• Directions for this task: Print exactly the lines below between the line containing "Texan Cleaners" and the line containing "Orange Cranberry Marmalade Everything Spray", counting both of those lines. Leave pictures out.

Top of Data provided

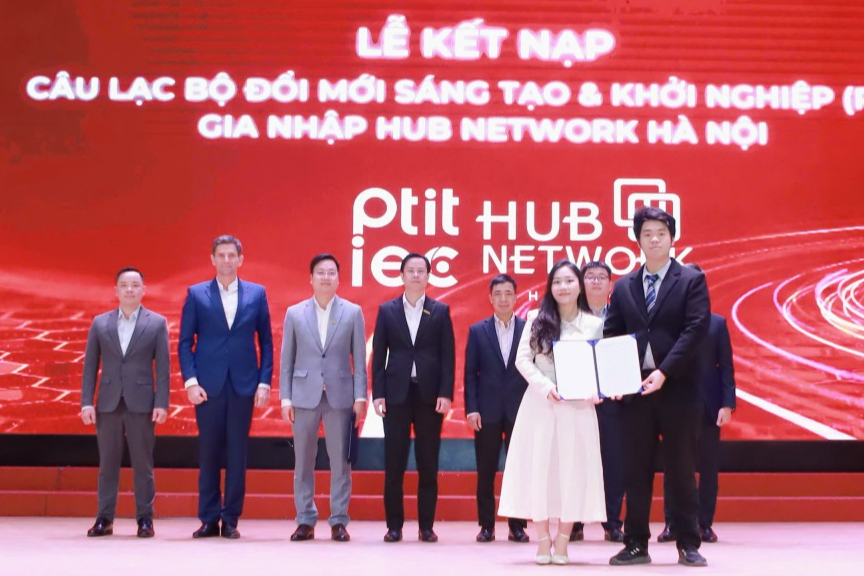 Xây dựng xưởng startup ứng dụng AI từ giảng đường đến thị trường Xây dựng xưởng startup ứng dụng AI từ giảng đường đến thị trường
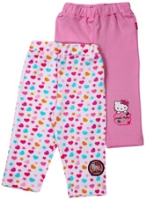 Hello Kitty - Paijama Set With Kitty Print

Bottom of Data provided
Top of Data provided

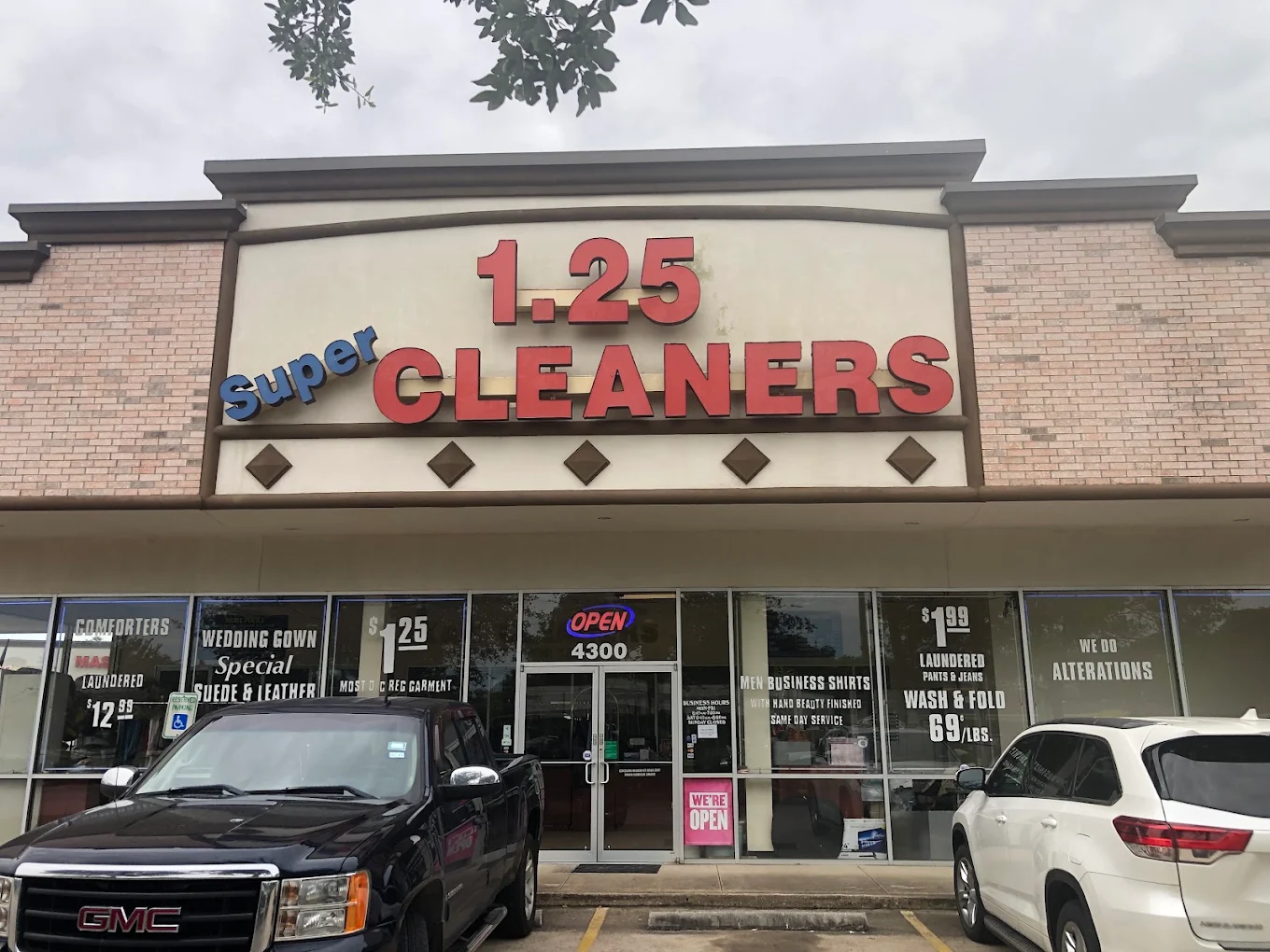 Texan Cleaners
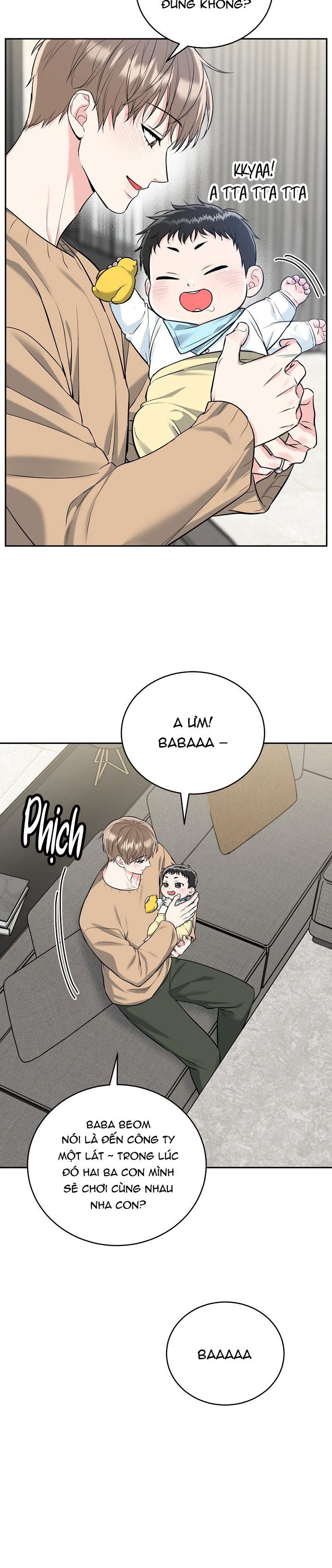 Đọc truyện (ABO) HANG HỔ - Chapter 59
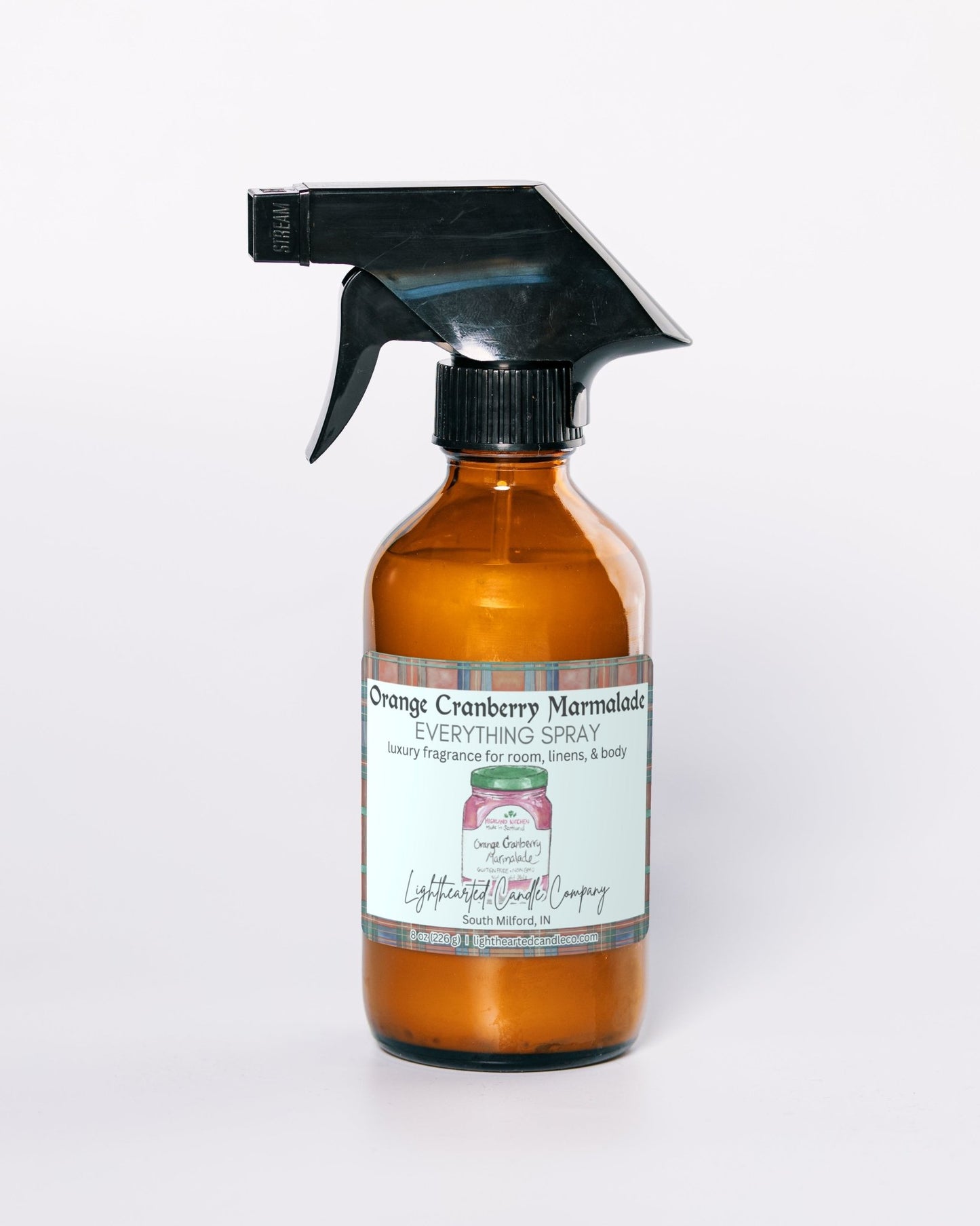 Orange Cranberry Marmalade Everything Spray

Bottom of Data provided

• Problem solution:
 Texan Cleaners
 Đọc truyện (ABO) HANG HỔ - Chapter 59
 Orange Cranberry Marmalade Everything Spray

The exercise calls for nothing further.